Cosmos Predict generates “future world states” as videos from image, video, and text prompts. Cosmos Transfer enables developers to perform photoreal style transfers from 2D inputs and text prompts. Cosmos Reason is a reasoning VLM that can then curate and annotate the generated data, and also be post-trained to function as a robot vision-language-action (VLA) model. This data is used to train physical AI and industrial vision AI for understanding spatial awareness, planning motion trajectories, and performing complex tasks.
This edition of NVIDIA Robotics Research and Development Digest (R2D2) explores Cosmos WFMs and workflows from NVIDIA Research. We dive into how they play an important role in synthetic data generation (SDG) and data curation for physical AI applications:
- Cosmos Predict
- Single2MultiView for autonomous vehicles
- Cosmos-Drive-Dreams
- NVIDIA Isaac GR00T-Dreams
- DiffusionRenderder
- Accelerated video generation
- Cosmos Transfer
- Cosmos Transfer for Autonomous Vehicles
- Edge model distillation
- Cosmos Reason
Cosmos Predict: future simulation models from NVIDIA Research for Robotics
Cosmos Predict models can be post-trained for physical AI applications, like robotics and autonomous vehicles. Cosmos Predict takes input in the form of text, images, or videos and generates future frames that are coherent and physically accurate. This accelerates SDG for post-training AI models to perform complex physical tasks. Let’s see some examples of post-training.
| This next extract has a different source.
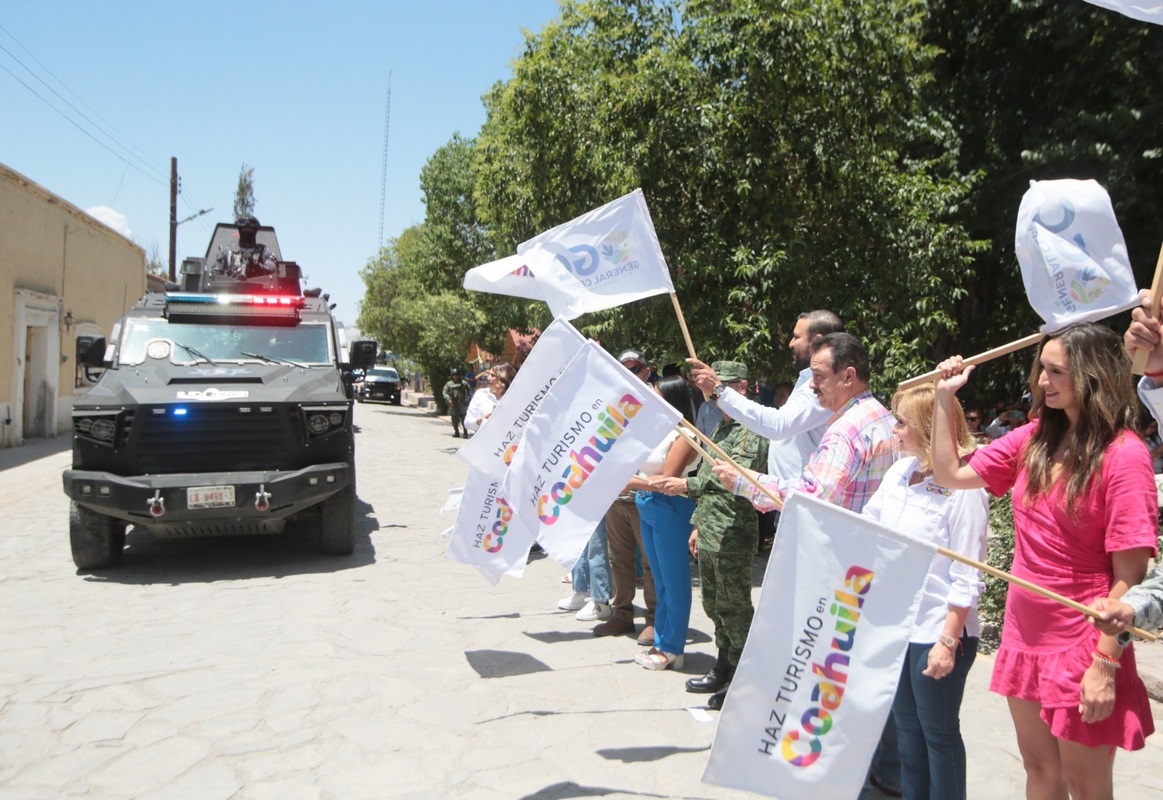 COAHUILA BLINDA SUS CARRETERAS PARA SEGURIDAD DE VACACIONISTAS: MARS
Cosmos Predict post-training applications
Single2MultiView for autonomous vehicles is a post-trained version of the Cosmos Predict model. It generates multiple, consistent camera perspectives from a single front-view autonomous driving video. The result is synchronized multi-view camera footage for autonomous vehicle (AV) development.
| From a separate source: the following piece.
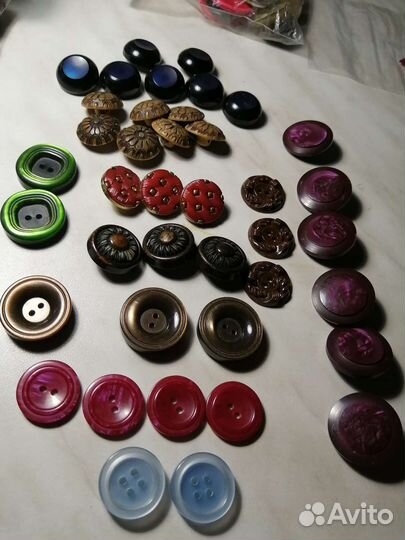 Пуговицы СССР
Inference example with a single-view input video:
CUDA_HOME=$CONDA_PREFIX PYTHONPATH=$(pwd) python cosmos_predict1/diffusion/inference/video2world_view_extend_multiview.py \
--checkpoint_dir checkpoints \
--diffusion_transformer_dir
Cosmos-Predict1-7B-Video2World-Sample-AV-Single2MultiView/t2w_model.pt \
--view_condition_video assets/diffusion/sv2mv_input_view.mp4 \
--num_input_frames 1 \
--condition_location "first_cam" \
--prompt "${PROMPT}" \
--prompt_left "${PROMPT_LEFT}" \
--prompt_right "${PROMPT_RIGHT}" \
--prompt_back "${PROMPT_BACK}" \
--prompt_back_left "${PROMPT_BACK_LEFT}" \
--prompt_back_right "${PROMPT_BACK_RIGHT}" \
--video_save_name diffusion-single2multiview-text2world
- Cosmos-Drive-Dreams is a workflow for generating challenging driving conditions for AVs. The Cosmos Drive models have been post-trained for the driving domain to generate driving data that is multi-view, high-fidelity, and spatiotemporally consistent. The generated multiview data is then amplified with a post-trained Cosmos Transfer model to improve generalization in low-visibility conditions such as fog and rain, for tasks like 3D lane detection, 3D object detection, and driving policy learning.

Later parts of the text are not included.